Sie hätte so gern gebetet, aber ihr Verstand brachte keine Worte zustande, mit denen sie hätte ein Wunder erbitten können. Stattdessen tauchten Bilder vor ihrem geistigen Auge auf, und das Eindrücklichste war eins des dreizehnjährigen Santiago Vasquez del Torres, der von zu Hause weggelaufen und nur bis zur nächsten Stadt gekommen war. In einem Kleid von Elena, zurechtgemacht mit Schminkzeug von Elena, mit einem Tuch über dem Kopf, das sein Haar bedeckte, Haar, das zu kurz war für ein Mädchen und zu lang für einen Jungen, hatte er in der Kirche Zuflucht gesucht. In der Tasche, die er bei sich trug, befanden sich ein bisschen Kleingeld, ein paar Kleider zum Wechseln und drei Lippenstifte.

Als der Priester sie entdeckt hatte, hatte er sie Tochter genannt und gefragt, ob sie gekommen sei, um zu beichten. Eine Beichte schien der richtige Weg zu sein —»Geh, Santiago«, hatte Elena gesagt,»geh den Weg, den Gott dir zeigt.«—, und Santiago Vasquez del Torres hatte gebeichtet. Keine Sünden, sondern den Wunsch nach Hilfe, denn wenn er nicht sein dürfe, was er sein müsse, werde er seinem Leben ein Ende setzen.

Der Priester hatte zugehört.

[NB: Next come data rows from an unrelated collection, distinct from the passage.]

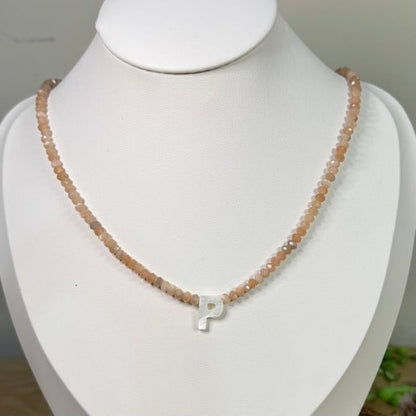 Sunstone "P" Necklace (G756)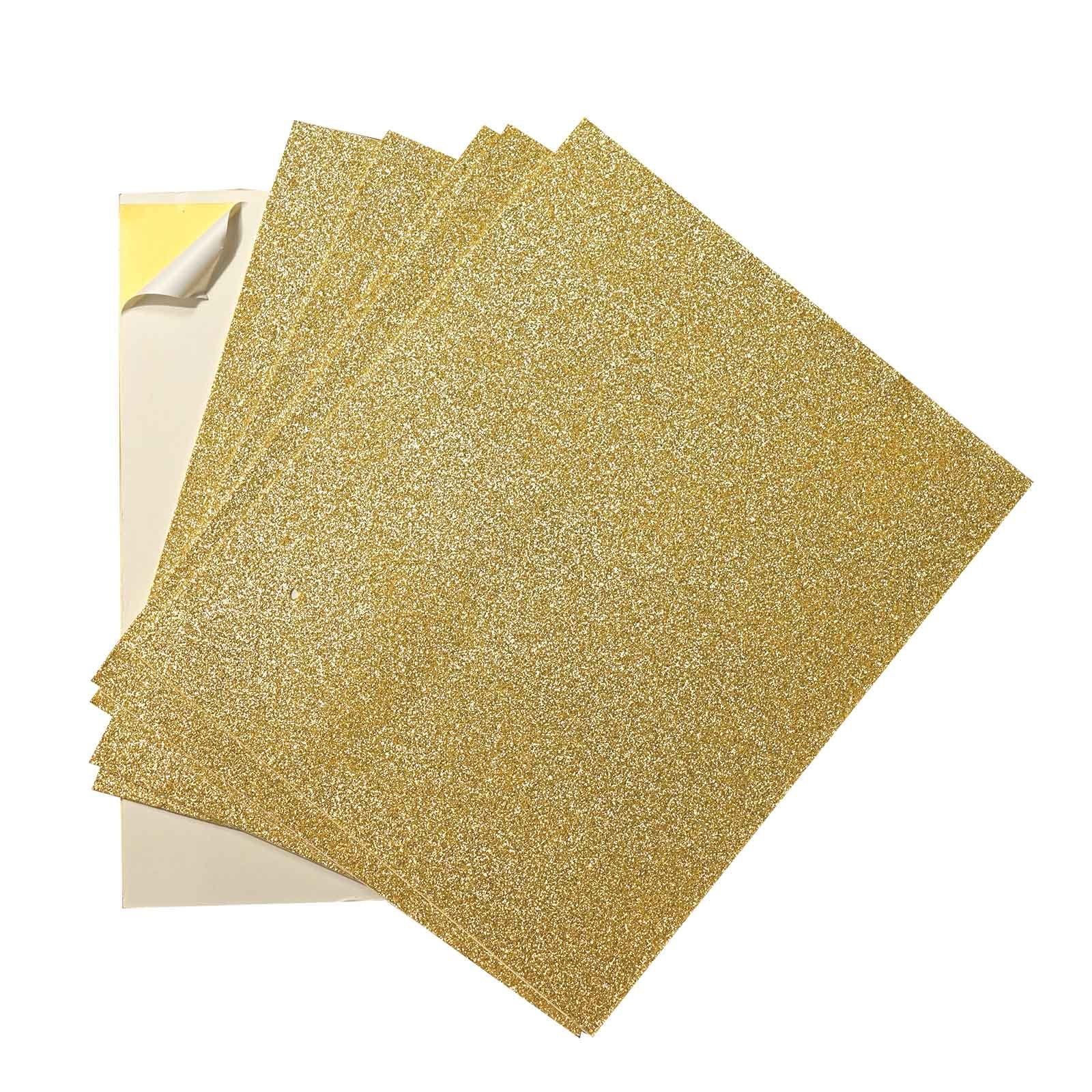 10 Pack 12"x10" SelfAdhesive Glitter DIY Craft Foam Sheets Gold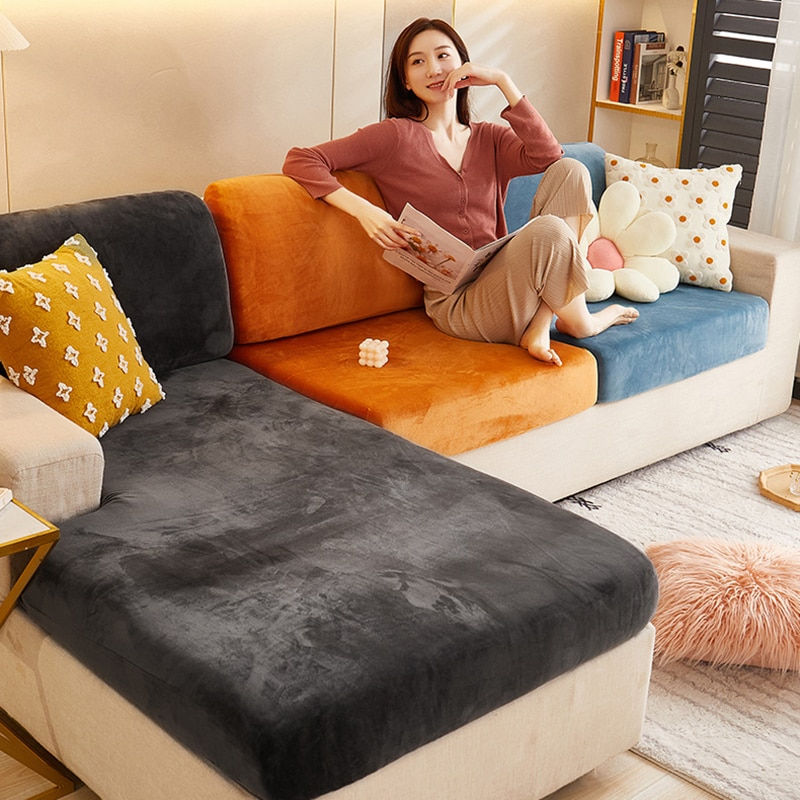 Thumbnail: Velvet Sofa Cushion Cover Living Room Corner Sectional Sofa Seat Cover 200gsm T
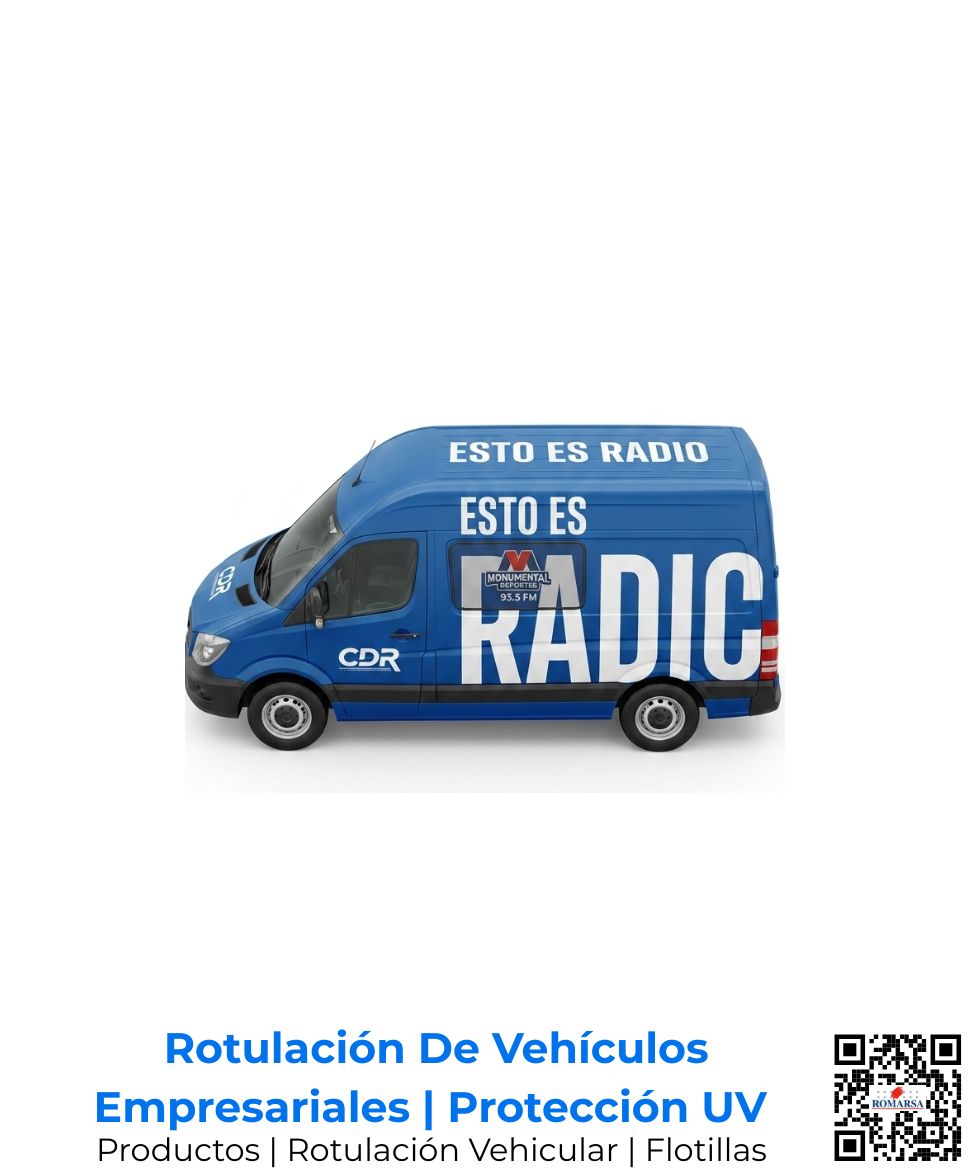 Rotulación parcial vehicular elaborada con plotter de corte e impresión a full color con protección UV de larga duración; branding para Flotillas comerciales por Romarsa en San José, Costa Rica y Centroamérica.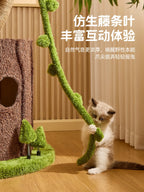 Solid Wood Jungle Cat Tree with Scratching Board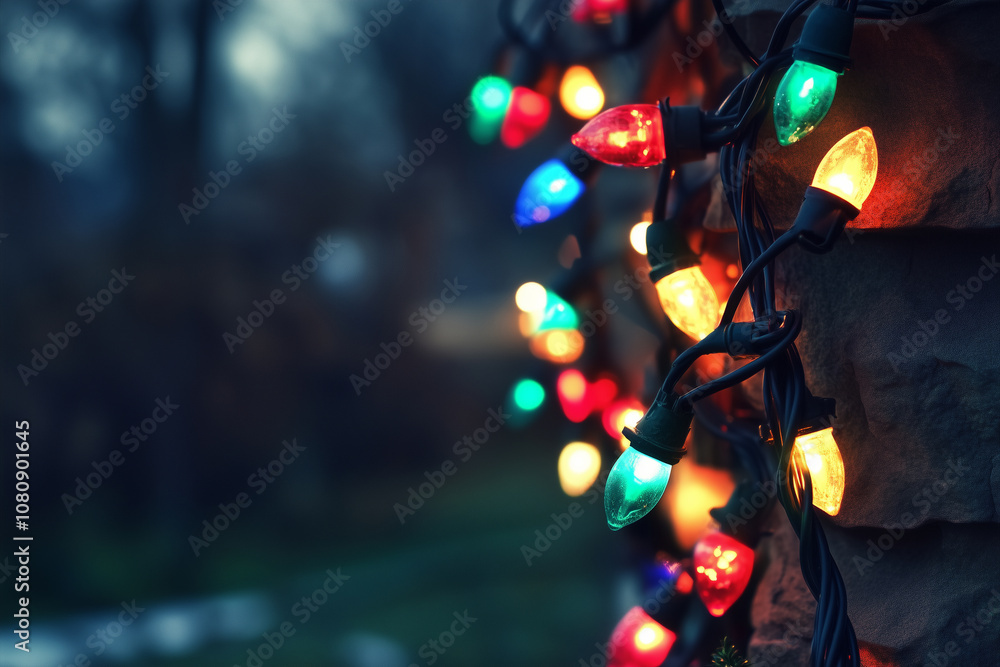Enchanting Display of Colorful Christmas Lights Adorning a Rustic Stone Wall in the Heart of the Winter Season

Er hatte von der schweren Sünde der Verzweiflung gesprochen. Er hatte gesagt, Gott mache keine Fehler. Und dann hatte er gesagt:»Komm mit mir, Kind«, und sie waren zusammen ins Pfarrhaus gegangen, wo der Priester ihm die Absolution erteilte und ihm eine warme Mahlzeit aus Kartoffeln und Fleisch vorsetzte, die er ganz langsam gegessen hatte, während er sich unter den misstrauischen Blicken der Haushälterin des Priesters in der einfachen Küche umgesehen hatte. Nach dem Essen hatte der Priester ihn in ein Wohnzimmer geführt, wo er sich ausruhen sollte von der langen, beschwerlichen Wanderung. Und da er tatsächlich furchtbar erschöpft gewesen war, war er auf dem Sofa eingeschlafen.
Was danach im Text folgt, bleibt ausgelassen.